[Instructions to follow]:
The following data has a line with "Дизельный генератор ТСС АД-60С-Т400-1РМ11" and a line with "Deante przełącznik chrom". Write out exactly those lines and all the lines between them.

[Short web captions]

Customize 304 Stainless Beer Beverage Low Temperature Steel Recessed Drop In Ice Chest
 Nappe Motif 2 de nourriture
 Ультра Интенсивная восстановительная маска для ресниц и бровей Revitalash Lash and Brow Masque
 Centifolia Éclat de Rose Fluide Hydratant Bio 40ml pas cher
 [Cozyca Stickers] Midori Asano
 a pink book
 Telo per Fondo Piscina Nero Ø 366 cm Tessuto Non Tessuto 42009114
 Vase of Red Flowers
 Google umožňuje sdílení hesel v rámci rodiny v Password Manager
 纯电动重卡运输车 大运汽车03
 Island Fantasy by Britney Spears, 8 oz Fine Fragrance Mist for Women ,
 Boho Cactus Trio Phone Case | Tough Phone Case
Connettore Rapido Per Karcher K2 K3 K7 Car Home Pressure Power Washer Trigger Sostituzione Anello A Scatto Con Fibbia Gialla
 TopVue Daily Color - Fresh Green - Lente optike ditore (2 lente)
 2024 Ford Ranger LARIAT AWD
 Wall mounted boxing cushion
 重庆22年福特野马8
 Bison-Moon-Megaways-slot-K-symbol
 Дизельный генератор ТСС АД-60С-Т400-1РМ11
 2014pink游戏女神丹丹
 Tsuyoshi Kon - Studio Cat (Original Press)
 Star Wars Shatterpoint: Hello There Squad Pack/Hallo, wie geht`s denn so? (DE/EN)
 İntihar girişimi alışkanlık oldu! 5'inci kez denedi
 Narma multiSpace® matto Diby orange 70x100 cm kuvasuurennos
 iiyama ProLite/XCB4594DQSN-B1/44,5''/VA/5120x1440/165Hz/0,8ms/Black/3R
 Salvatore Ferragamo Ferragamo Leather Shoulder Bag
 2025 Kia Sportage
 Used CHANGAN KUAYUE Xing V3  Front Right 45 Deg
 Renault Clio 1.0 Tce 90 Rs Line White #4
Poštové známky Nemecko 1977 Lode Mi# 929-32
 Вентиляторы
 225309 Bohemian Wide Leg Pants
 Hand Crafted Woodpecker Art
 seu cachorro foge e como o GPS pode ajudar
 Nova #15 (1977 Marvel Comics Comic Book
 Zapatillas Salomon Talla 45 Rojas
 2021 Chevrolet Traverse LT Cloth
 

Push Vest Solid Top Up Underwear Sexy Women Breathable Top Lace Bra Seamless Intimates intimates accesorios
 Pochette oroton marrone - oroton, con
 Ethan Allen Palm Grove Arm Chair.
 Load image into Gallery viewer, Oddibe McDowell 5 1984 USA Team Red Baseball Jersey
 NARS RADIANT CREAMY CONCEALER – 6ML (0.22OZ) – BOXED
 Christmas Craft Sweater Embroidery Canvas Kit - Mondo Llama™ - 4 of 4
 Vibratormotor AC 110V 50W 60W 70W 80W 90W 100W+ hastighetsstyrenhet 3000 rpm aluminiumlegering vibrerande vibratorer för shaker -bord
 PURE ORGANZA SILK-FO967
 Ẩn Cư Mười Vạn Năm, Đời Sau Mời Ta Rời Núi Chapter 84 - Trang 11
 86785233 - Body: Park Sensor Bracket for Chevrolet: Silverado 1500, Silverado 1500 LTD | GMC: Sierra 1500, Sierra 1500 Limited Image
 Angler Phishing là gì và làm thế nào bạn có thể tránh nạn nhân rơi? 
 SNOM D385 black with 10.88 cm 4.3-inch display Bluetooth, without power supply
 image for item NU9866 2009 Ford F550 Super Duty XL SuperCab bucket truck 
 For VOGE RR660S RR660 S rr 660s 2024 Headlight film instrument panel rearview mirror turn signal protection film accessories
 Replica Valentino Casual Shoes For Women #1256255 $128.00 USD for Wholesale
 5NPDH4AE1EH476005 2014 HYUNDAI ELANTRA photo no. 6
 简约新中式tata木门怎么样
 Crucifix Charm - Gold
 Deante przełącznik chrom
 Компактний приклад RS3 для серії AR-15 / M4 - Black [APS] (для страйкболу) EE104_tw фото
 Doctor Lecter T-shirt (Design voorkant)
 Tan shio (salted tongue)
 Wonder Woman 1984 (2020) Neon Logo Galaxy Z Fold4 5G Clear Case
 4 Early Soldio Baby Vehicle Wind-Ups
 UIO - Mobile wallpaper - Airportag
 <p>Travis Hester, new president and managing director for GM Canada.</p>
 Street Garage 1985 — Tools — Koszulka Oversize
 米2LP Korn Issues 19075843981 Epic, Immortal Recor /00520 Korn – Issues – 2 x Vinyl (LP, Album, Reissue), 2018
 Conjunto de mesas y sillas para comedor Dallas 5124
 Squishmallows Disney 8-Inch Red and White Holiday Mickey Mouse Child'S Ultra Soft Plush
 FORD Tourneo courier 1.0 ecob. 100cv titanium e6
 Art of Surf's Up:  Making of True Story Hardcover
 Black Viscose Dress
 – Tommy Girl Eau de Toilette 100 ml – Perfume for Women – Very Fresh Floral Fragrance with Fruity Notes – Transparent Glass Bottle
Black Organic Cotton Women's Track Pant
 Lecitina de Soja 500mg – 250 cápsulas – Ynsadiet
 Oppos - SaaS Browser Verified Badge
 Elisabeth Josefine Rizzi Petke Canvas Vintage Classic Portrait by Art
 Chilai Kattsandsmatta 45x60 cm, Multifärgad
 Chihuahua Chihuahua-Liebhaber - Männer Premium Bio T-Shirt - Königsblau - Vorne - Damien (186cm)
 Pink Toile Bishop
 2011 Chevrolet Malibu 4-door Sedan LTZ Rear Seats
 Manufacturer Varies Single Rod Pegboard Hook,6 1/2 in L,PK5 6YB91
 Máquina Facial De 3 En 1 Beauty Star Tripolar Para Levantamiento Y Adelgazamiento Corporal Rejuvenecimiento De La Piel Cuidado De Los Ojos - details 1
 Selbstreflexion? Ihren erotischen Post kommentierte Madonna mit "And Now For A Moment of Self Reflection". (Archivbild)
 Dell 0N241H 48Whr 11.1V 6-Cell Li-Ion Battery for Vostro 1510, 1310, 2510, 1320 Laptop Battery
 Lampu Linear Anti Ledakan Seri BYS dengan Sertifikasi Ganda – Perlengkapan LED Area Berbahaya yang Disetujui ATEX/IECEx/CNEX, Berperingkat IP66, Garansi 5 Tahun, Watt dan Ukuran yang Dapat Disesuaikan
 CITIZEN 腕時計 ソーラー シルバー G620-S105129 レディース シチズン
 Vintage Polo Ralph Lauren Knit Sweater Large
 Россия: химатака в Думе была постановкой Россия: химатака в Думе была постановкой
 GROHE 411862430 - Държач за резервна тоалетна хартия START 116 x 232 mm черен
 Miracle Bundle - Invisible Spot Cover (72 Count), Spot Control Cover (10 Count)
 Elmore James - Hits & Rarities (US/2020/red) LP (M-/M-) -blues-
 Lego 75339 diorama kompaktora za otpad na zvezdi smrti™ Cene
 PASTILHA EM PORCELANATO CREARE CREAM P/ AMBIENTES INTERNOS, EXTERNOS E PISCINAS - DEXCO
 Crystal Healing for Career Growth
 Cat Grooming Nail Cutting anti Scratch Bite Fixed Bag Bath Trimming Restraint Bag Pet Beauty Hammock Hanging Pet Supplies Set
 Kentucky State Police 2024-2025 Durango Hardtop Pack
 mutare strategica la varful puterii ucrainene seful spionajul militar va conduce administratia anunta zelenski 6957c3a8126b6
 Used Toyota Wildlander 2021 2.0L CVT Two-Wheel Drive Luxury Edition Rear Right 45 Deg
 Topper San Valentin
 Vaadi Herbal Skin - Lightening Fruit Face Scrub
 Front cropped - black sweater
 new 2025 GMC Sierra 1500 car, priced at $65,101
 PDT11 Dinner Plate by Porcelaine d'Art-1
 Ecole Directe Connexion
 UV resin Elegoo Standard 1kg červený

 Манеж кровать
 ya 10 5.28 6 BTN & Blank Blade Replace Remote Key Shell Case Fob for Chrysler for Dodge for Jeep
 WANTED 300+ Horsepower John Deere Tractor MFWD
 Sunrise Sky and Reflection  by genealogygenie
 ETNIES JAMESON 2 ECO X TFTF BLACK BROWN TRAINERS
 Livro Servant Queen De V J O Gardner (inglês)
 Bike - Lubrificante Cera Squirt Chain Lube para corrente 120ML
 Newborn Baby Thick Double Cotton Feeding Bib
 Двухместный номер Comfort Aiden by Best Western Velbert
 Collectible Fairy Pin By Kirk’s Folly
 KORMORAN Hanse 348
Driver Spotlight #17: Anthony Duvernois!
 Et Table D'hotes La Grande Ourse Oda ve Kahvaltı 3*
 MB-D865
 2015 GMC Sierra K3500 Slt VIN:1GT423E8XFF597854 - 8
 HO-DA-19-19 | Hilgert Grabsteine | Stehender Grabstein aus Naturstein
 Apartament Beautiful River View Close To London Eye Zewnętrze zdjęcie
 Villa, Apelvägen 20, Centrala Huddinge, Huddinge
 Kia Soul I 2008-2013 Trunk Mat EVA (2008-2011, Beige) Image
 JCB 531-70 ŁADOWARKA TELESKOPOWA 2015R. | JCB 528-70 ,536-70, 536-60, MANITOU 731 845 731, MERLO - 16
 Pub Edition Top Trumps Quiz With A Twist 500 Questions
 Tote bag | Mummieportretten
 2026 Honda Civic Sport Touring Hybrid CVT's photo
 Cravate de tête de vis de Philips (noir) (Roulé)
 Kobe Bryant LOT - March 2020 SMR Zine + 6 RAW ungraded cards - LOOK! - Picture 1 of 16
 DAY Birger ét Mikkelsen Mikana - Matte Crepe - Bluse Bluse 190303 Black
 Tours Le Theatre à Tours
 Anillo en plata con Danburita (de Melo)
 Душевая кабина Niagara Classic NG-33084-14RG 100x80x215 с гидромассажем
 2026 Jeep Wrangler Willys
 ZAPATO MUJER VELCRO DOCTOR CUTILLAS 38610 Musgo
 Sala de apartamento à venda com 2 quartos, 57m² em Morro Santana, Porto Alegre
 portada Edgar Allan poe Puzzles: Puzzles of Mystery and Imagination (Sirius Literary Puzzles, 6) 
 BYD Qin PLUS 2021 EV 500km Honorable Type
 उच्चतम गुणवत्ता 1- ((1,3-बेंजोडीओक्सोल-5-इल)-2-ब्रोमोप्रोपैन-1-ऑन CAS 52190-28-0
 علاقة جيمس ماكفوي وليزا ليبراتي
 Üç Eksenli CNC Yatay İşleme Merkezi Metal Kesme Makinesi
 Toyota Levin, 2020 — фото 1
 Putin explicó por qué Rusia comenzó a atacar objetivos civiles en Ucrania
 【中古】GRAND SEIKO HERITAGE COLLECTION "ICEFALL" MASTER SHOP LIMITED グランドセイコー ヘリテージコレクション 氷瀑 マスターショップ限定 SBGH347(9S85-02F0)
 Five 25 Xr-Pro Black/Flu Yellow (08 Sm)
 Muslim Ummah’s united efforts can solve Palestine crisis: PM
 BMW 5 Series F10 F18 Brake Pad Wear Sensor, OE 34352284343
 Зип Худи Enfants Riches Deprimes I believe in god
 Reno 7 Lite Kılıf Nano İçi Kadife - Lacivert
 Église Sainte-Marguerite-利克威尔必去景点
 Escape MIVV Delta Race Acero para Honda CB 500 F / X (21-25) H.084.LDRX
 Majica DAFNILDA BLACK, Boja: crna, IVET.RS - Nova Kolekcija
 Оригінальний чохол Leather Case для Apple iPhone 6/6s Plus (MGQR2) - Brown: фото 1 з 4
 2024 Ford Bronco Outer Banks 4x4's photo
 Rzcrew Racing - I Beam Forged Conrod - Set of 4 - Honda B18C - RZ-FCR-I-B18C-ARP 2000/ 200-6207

[Response to the task]:
 Дизельный генератор ТСС АД-60С-Т400-1РМ11
 2014pink游戏女神丹丹
 Tsuyoshi Kon - Studio Cat (Original Press)
 Star Wars Shatterpoint: Hello There Squad Pack/Hallo, wie geht`s denn so? (DE/EN)
 İntihar girişimi alışkanlık oldu! 5'inci kez denedi
 Narma multiSpace® matto Diby orange 70x100 cm kuvasuurennos
 iiyama ProLite/XCB4594DQSN-B1/44,5''/VA/5120x1440/165Hz/0,8ms/Black/3R
 Salvatore Ferragamo Ferragamo Leather Shoulder Bag
 2025 Kia Sportage
 Used CHANGAN KUAYUE Xing V3  Front Right 45 Deg
 Renault Clio 1.0 Tce 90 Rs Line White #4
Poštové známky Nemecko 1977 Lode Mi# 929-32
 Вентиляторы
 225309 Bohemian Wide Leg Pants
 Hand Crafted Woodpecker Art
 seu cachorro foge e como o GPS pode ajudar
 Nova #15 (1977 Marvel Comics Comic Book
 Zapatillas Salomon Talla 45 Rojas
 2021 Chevrolet Traverse LT Cloth
 

Push Vest Solid Top Up Underwear Sexy Women Breathable Top Lace Bra Seamless Intimates intimates accesorios
 Pochette oroton marrone - oroton, con
 Ethan Allen Palm Grove Arm Chair.
 Load image into Gallery viewer, Oddibe McDowell 5 1984 USA Team Red Baseball Jersey
 NARS RADIANT CREAMY CONCEALER – 6ML (0.22OZ) – BOXED
 Christmas Craft Sweater Embroidery Canvas Kit - Mondo Llama™ - 4 of 4
 Vibratormotor AC 110V 50W 60W 70W 80W 90W 100W+ hastighetsstyrenhet 3000 rpm aluminiumlegering vibrerande vibratorer för shaker -bord
 PURE ORGANZA SILK-FO967
 Ẩn Cư Mười Vạn Năm, Đời Sau Mời Ta Rời Núi Chapter 84 - Trang 11
 86785233 - Body: Park Sensor Bracket for Chevrolet: Silverado 1500, Silverado 1500 LTD | GMC: Sierra 1500, Sierra 1500 Limited Image
 Angler Phishing là gì và làm thế nào bạn có thể tránh nạn nhân rơi? 
 SNOM D385 black with 10.88 cm 4.3-inch display Bluetooth, without power supply
 image for item NU9866 2009 Ford F550 Super Duty XL SuperCab bucket truck 
 For VOGE RR660S RR660 S rr 660s 2024 Headlight film instrument panel rearview mirror turn signal protection film accessories
 Replica Valentino Casual Shoes For Women #1256255 $128.00 USD for Wholesale
 5NPDH4AE1EH476005 2014 HYUNDAI ELANTRA photo no. 6
 简约新中式tata木门怎么样
 Crucifix Charm - Gold
 Deante przełącznik chrom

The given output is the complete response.